Based on the strategies and who’s doing very good, sustainable, high-impact work in those areas, we go to those NGOs with the requisite experience for partnership. We look for the best implementer to fulfill the vision that we have for creating change in our key communities in an impactful and sustainable way.
We have the desire to improve the quality of life in the communities where we do business, and at the same time, we realize that what we are is an energy company focused on bringing energy to the world in a socially and environmentally responsible way. We bring business acumen and select partners who have been effective in partnering with communities to effect social change.”
In 2009, ExxonMobil asked the question: what is the role of technology in the advancement of women? To find out, they first partnered with The International Center for Research on Women (ICRW) to do a study. The resulting white paper, Bridging the Gender Divide: How Technology Can Advance Women Economically, determined there was a gap in women’s access to key technology. Notably the study spotlighted the importance of involving women in at least one phase of the technology development process. Even when women were the intended end user of a product or service, they were not consulted during development and critical input was absent.

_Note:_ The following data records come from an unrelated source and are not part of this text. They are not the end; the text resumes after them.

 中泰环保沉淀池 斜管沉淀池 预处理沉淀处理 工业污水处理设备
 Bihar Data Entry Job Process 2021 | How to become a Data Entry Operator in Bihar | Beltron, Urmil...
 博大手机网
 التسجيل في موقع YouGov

For example, the paper pointed out that most low income women in developing countries work in agriculture, yet men make the decisions about using agricultural innovations, most of which have been designed for men, not women. As a result, the equipment is often too big or heavy for women to use, so they return to the original, labor-intensive, time-consuming method they had employed in the first place, severely constraining their productivity. Simply involving women in the development or even the decision-making process would have brought that issue to light right away.

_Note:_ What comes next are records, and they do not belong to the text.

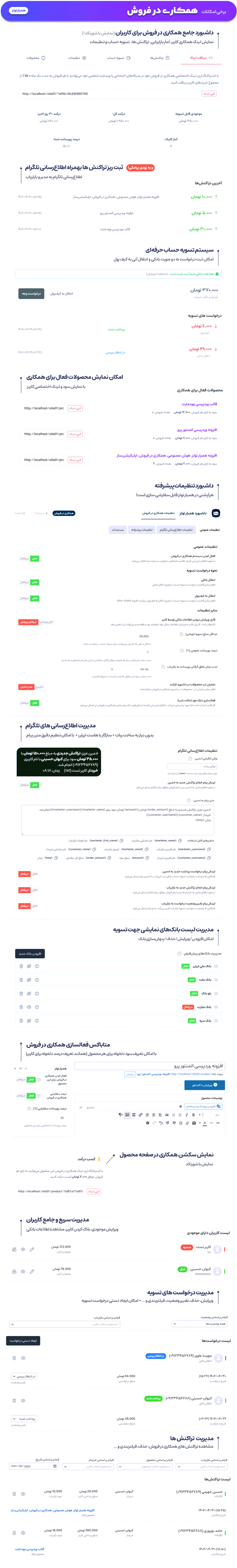 ویژگی ها و امکانات افزونه همیار تولز 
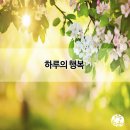 하루의 이미지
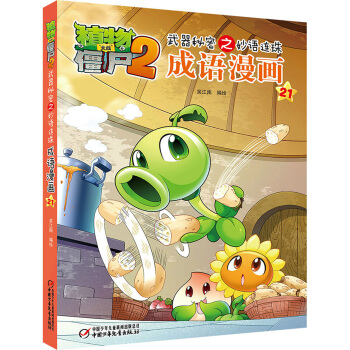 植物大戰僵屍2 武器秘密之妙語連珠成語漫畫21 [6-9歲] pdf epub mobi 電子書 下載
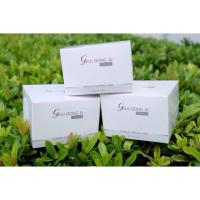 ราคา คารุ คงจู อินเทนซีฟ สลีปปิ้ง มาส์ก (268521439)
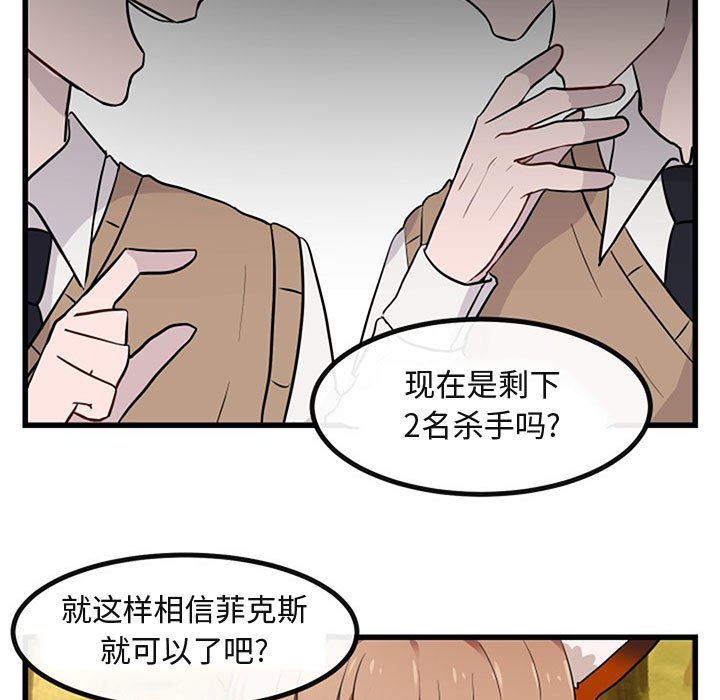 第15話 - 第12张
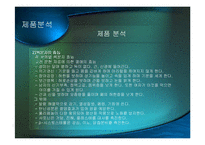 보해 복분자주 광고기획서-12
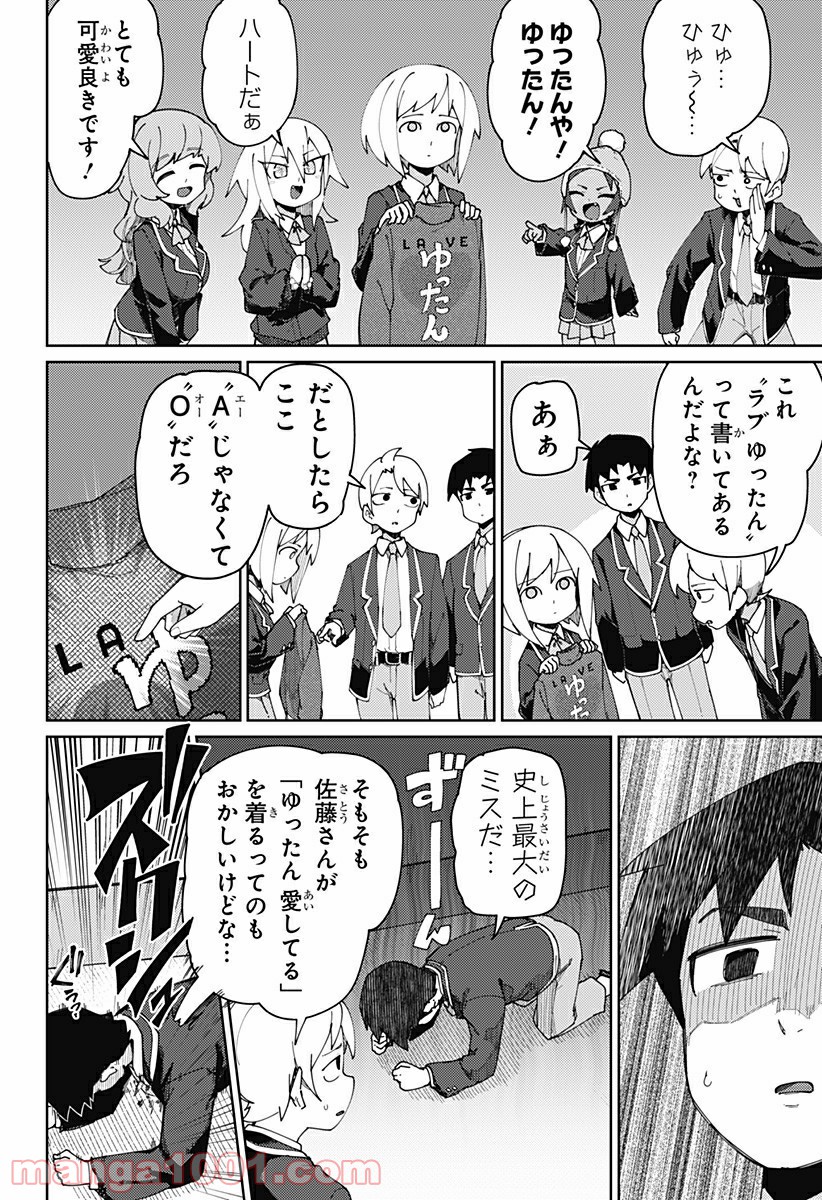 むとうとさとう - 第79話 - Page 6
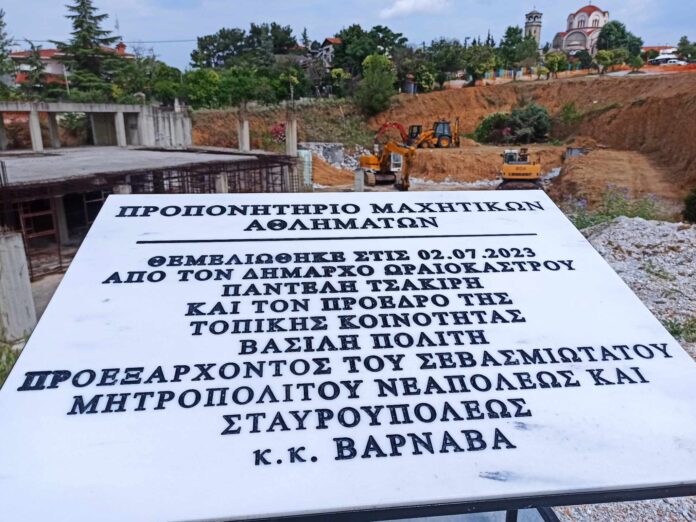 τρυπα γαληνη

Next, ExxonMobil took their findings and partnered with Ashoka’s Changemakers. Together they created the Women│Tools│Technology: Building Opportunities & Economic Power Challenge to ask the world to give them “examples of how you use technology in a way that engages women, and has demonstrated high-impact results for women economically.” 268 examples from almost 70 countries told the challengers that they were going down the right path.
ExxonMobil made pilot investments in five innovations, and continues to monitor and support these programs using graduate students from Thunderbird School of Global Management’s Emerging Markets Laboratory. Teams of six students each are working on the ground with innovators to help with marketing plans, scaling up and any other needs the organizations have. Two teams are currently in Uganda and two others will be deployed to Indonesia and Ghana this summer.
“At the end of the day,” Jackson says, “what ExxonMobil is seeking to do is identify and support the most promising models for long-term impact in advancing women economically.” Jackson and ExxonMobil don’t simply rely on research and findings, but their own experience.
“The research says that investing in women is one of the most single, high-impact, sustainable investments you can make in terms of improving quality of life. And my observations from working with women all over the world is that, when given access to training and resources, they take whatever is given and take it to the limit. They are so resourceful in making the most out of every opportunity. So the research findings that you often hear talked about in terms of women using 80-90% of their income and putting it back into their families and communities – I’ve seen that at work. I’ve seen them generate enormous amounts of resources relative to the opportunity, and then do incredible things to make their families and communities better off. And it’s our personal observations along with the research that makes us so comfortable that we’ve picked the right investment area.”
As for the future, Jackson says that ExxonMobil plans to keep an eye on their current pilot programs. Those that show success will receive continued support. In the meantime, ExxonMobil will “continue to learn and understand this space, and look for other opportunities that demonstrate a catalyzing effect when you bring technology into the lives of women.” One of the key factors the company looks for in an investment, is eventual sustainability. “The types of business models we are most interested in are ones that may need some initial support or seed capital, but have the potential to be self-sustaining, because that’s where we see the long-term benefits for women and the community. It also allows us to spread our resources much more broadly.”
In the past six years, ExxonMobil has made an impact on many women’s lives, and under Jackson’s direction, it will continue to move forward, asking new questions and finding new approaches.